- [EXERCISE AIM] Exactly as written, output each of the lines below, with no images.

- [DATA BELOW]
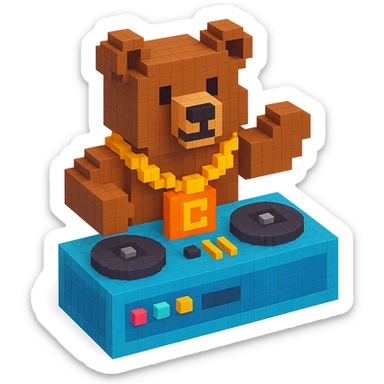 Russian grizzly bear with a rapper chain and a DJ setup sticker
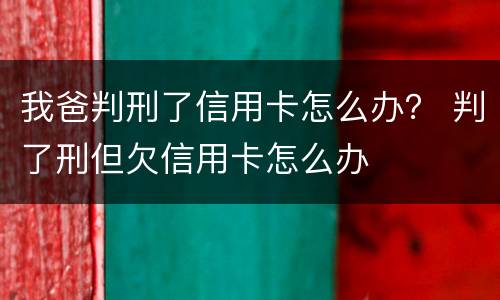 我爸判刑了信用卡怎么办？ 判了刑但欠信用卡怎么办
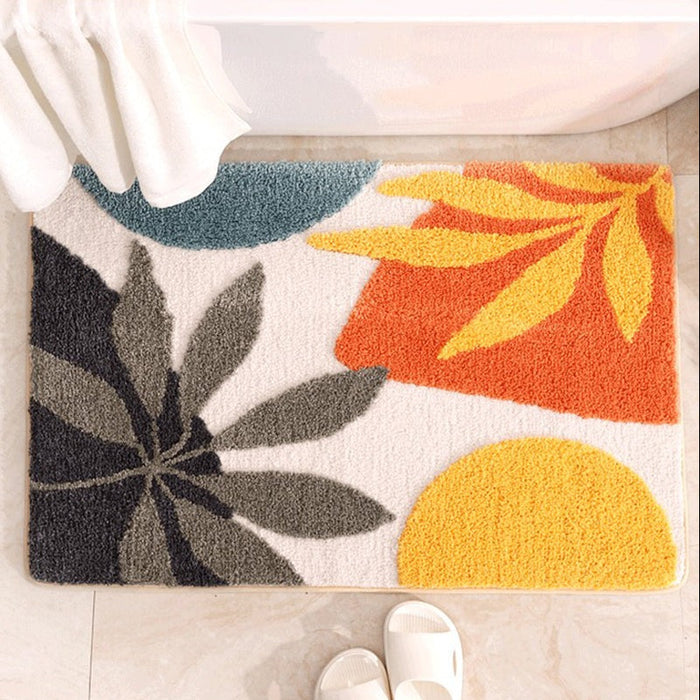 Colorful Tropical Leaves Bath Mat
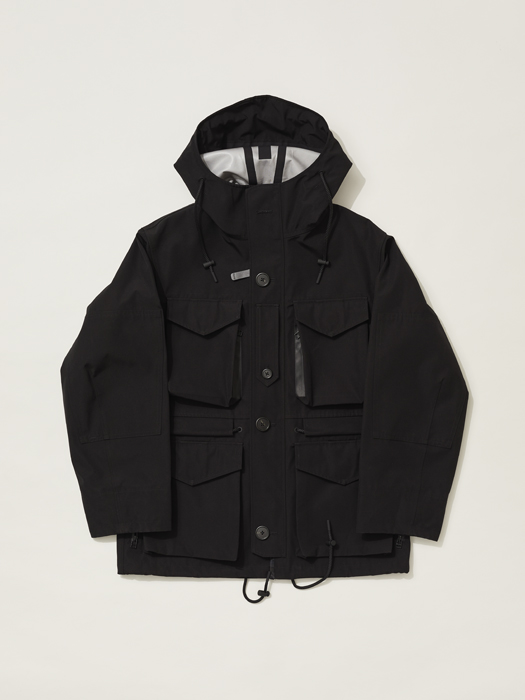 Black hooded jacket with multiple chest and waist pockets and drawstring details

- [OUTPUT BELOW]
 Russian grizzly bear with a rapper chain and a DJ setup sticker
 我爸判刑了信用卡怎么办？ 判了刑但欠信用卡怎么办
 Colorful Tropical Leaves Bath Mat
 Black hooded jacket with multiple chest and waist pockets and drawstring details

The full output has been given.